# Speaking of printers.



## IKE (Aug 24, 2018)

Back in Dec. 2015 I went to Walmart and purchased a brand new Canon mdl. MG2220 ink jet printer for $33.00, I don't use it all that much but it's been a fantastic little printer......I've used the photocopy feature more than anything else but it'll also print off the screen and scan<----which I've never used.

I noticed that my b & w copies were a little faint the other day so I checked the ink last night and found that the color cartridge was still over half full but the black cartridge was pretty much empty.

Anyway, I just got back from Walmart (yea I know it's early ) and one black cartridge ran me $23.00 which is just $10.00 less than the new printer, which included ink, cost me back in Dec. 2015.

Seems to me like printer companies really like to dig deep in a persons wallet when it comes time to purchase ink.


----------



## Ken N Tx (Aug 24, 2018)

I have found that its better to just buy another printer.


----------



## Ronni (Aug 24, 2018)

Generally speaking, printer companies make their money on ink, and not on the printers that use the ink.  Most electronics these days are built to be disposable...if you can find a TV repair place in your town, I'll move there!  Printers seem to be on that list as well.  

I have an HP printer and an ink subscription to HP because I do a lot of printing.  I don't have to do anything, I'm linked to HP on the net, and it sees when the printer is getting low on ink and sends me another one.  Love the convenience!


----------



## Mike (Aug 24, 2018)

Years ago I used to get "Continuous Ink Supply" syatems
for my printer, but I couldn't get one for this printer, the
CIS was always very good, you just had to top up the
tank, you could also get pigment ink rather than dye ink
which water based, while pigment is alcohol based and is
good for pictures and is waterproof.

Some of the "Pirate Copies" of the cartridges are filled with
the pigment ink, but not all.

Mike.


----------



## SeaBreeze (Aug 24, 2018)

My black ran out (or dried out) even though I rarely use my printer, put new cartridges in around once a year.  Happy to be able to print out the things I needed in a dark blue color, since it's nothing formal, it doesn't matter what color it is.  I'll suck the color one dry until I need to go out and buy another cartridge.


----------



## C'est Moi (Aug 24, 2018)

Ugh, I just replaced our printer this week.   In putzing with the old Canon, I wasted $100 worth of ink cartridges trying to get the &%@*!  thing to print.   I was just about to toss it onto the driveway from the second story window, then run over it with my car about 20 times.   So yeah.   Printers are cheap but ink cartridges are not.
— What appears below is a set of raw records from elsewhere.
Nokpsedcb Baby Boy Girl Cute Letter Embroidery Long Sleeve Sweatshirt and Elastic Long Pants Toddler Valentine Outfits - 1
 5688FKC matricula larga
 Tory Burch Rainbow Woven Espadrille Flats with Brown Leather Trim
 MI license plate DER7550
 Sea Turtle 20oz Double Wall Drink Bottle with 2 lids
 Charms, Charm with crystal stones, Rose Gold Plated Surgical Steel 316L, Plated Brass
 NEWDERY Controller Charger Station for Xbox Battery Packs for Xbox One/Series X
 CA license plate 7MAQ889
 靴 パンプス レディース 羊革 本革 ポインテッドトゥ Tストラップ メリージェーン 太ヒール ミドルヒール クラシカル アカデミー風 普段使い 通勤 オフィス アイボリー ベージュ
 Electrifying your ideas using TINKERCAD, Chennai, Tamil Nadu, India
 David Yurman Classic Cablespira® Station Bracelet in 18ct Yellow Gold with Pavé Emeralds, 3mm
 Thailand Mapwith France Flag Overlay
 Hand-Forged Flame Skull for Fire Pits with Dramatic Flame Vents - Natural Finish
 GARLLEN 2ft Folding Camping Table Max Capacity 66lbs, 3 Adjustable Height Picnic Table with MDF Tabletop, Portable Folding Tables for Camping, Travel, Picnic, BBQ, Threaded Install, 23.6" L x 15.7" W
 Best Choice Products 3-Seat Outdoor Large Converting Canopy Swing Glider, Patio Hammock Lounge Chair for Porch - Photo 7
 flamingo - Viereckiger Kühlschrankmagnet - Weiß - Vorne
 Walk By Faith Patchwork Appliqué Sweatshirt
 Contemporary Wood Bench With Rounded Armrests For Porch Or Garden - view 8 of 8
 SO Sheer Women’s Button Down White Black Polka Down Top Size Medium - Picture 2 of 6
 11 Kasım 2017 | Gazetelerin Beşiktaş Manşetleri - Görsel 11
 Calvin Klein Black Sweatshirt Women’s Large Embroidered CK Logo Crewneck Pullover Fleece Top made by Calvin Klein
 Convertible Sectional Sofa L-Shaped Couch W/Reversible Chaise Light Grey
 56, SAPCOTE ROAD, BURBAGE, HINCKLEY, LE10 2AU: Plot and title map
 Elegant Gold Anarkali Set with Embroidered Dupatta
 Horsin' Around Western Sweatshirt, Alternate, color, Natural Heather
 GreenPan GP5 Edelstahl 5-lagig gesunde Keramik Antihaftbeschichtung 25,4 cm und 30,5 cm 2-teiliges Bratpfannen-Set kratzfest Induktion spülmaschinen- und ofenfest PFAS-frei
And of course the old model cartridges don't work with the new HP printer.


----------



## Camper6 (Aug 24, 2018)

SeaBreeze said:


> My black ran out (or dried out) even though I rarely use my printer, put new cartridges in around once a year.  Happy to be able to print out the things I needed in a dark blue color, since it's nothing formal, it doesn't matter what color it is.  I'll suck the color one dry until I need to go out and buy another cartridge.



Some printers don't allow using the alternate cartridge. You have to replace the empty one.

in that case use a sledge hammer. I find canon the best and hp the worst.


----------



## Ronni (Aug 24, 2018)

Camper6 said:


> Some printers don't allow using the alternate cartridge. You have to replace the empty one.
> 
> in that case use a sledge hammer. I find canon the best and hp the worst.



So funny, I've had exactly the OPPOSITE experience.  Cannon and Epson have been difficult and non-intuitive and cumbersome to usenwhen I've had to troubleshoot client issues, because I've never actually owned one......no that's not quite accurate.  I did own an Epson once some time ago, and had similar difficulties. 

I wonder if the different experiences have more to do with type of usage than the printers themselves?


----------



## Don M. (Aug 24, 2018)

Ken N Tx said:


> I have found that its better to just buy another printer.



The problem with doing that is that most new printers come with Partially Filled cartridges....so within 50 to 100 pages, you will be stuck with buying new cartridges.  These printer companies have mastered the art of making profits.


----------



## IKE (Aug 24, 2018)

Having other stuff to do I didn't get around to messing with the printer till about an hour ago......before I installed the new black cartridge I did a auto "head and nozzle clean" and the printer is now back to making excellent b & w copies.


----------



## Macfan (Aug 24, 2018)

When the price of ink goes down, the price of the printers will go up - economics. On printers in general, my preference is Epson. Epson is one of the few, if not the only, manufacturers that provide full ink cartridges with their new printers. Most everyone else provides 'sample' cartridges. Over time I've found Epson printers to be work horses and able to go the distance. They aren't perfect but then none of the others are either, so, all things being equal, I'll take Epson . Don...


----------



## Mike (Aug 24, 2018)

My Epson tells me that I am not using "Epson
Cartridges", I just click Continue and it is quite
happy, but the law might be different where you are.

Mike.


----------



## C'est Moi (Aug 24, 2018)

Our last Canon lasted 9 years so I can't complain; I think the printhead finally bit the dust and would have cost more than a new printer.   I got the new HP free so can't complain there, either.   (A "use this and provide a product review" thing.)


----------



## debbie in seattle (Sep 1, 2018)

SeaBreeze said:


> My black ran out (or dried out) even though I rarely use my printer, put new cartridges in around once a year.  Happy to be able to print out the things I needed in a dark blue color, since it's nothing formal, it doesn't matter what color it is.  I'll suck the color one dry until I need to go out and buy another cartridge.



Great idea!    My black is almost gone, onto dark blue for me!     Thanks.


----------